--- What to produce ---
What follows is a listing; give it again exactly, in its entirety.

═══ Collected data ═══

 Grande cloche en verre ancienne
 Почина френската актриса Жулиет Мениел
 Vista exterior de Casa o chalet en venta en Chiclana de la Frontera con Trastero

═══

--- Response below ---
 Grande cloche en verre ancienne
 Почина френската актриса Жулиет Мениел
 Vista exterior de Casa o chalet en venta en Chiclana de la Frontera con Trastero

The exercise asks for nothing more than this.